Re: Flink Shaded dependencies and extending Flink APIs

Posted by Qingsheng Ren <re...@gmail.com>.
Hi Andrew,

This is indeed a tricky case since Flink doesn't provide non-shaded
JAR for flink-json. One hacky solution in my mind is like:

1. Create a module let's say "wikimedia-event-utilities-shaded" that
relocates Jackson in the same way and uses the same Jackson version as
flink-shaded-jackson
2. Deploy the module to a local or remote Maven repository
3. Let your custom format depend on the
"wikimedia-event-utilities-shaded" module, then all Jackson
dependencies are relocated in the same way.

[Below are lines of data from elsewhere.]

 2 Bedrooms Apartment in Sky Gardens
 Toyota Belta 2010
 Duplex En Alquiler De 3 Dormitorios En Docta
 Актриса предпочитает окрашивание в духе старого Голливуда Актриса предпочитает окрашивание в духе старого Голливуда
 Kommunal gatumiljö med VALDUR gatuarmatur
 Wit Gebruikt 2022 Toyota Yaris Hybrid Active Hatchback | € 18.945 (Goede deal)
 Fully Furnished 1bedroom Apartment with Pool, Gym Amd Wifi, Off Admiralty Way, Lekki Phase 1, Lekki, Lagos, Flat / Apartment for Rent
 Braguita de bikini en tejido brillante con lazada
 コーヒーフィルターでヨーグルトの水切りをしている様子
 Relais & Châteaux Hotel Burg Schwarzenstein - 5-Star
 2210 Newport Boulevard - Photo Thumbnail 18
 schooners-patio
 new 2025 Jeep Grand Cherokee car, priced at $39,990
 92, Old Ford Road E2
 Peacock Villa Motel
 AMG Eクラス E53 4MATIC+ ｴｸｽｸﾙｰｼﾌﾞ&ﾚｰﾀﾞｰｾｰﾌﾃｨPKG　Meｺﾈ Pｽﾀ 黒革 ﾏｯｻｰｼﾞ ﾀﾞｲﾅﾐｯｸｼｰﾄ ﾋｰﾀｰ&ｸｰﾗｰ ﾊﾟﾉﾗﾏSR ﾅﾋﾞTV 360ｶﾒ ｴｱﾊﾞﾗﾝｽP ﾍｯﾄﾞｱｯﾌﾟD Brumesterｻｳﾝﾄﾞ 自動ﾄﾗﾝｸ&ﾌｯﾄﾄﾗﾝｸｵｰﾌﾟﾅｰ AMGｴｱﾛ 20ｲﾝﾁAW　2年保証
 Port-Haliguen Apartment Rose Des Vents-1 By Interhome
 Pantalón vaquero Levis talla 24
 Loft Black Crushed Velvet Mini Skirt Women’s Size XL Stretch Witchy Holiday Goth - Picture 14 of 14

Another solution is that you can serialize then deserialize the
"different" ObjectNode to do the conversion but this sacrifices the
performance.

Hope this could be helpful!

Best regards,

Qingsheng

On Thu, Jun 9, 2022 at 8:29 PM Andrew Otto <ot...@wikimedia.org> wrote:
>
> Hi all,
>
> I'm working on an integration project trying to write some library code that will allow us at the Wikimedia Foundation to use Flink with our 'Event Platform'.  Specifically, I'm trying to write a reusable step near the end of a pipeline that will ensure our JSON events satisfy some criteria before producing them to Kafka.  Details here.
>
> I'm experimenting with writing my own custom format to do this.  But all I really need to do is override JsonRowDataSerializationSchema's serialize method and augment and validate the ObjectNode before it is serialized to byte[].
>
> I'm running into an issue where the ObjectNode that is used by Flink here is the shaded one: org.apache.flink.shaded.jackson2.com.fasterxml.jackson.databind.node.ObjectNode, whereas the WMF code I want to use to augment the ObjectNode is using a regular non shaded one.  I can't pass the shaded ObjectNode instance to a function that takes a non shaded one, and I can't cast the shaded ObjectNode to non shaded either.
>
> My Q is: is there a way to extend Flink APIs that use shaded dependencies?  I suppose I could copy/paste the whole of the "json" format code that I need into my project and just make it my own, but this feels quite obnoxious.
>
> Thank you!
> -Andrew Otto
>  Wikimedia Foundation
>
>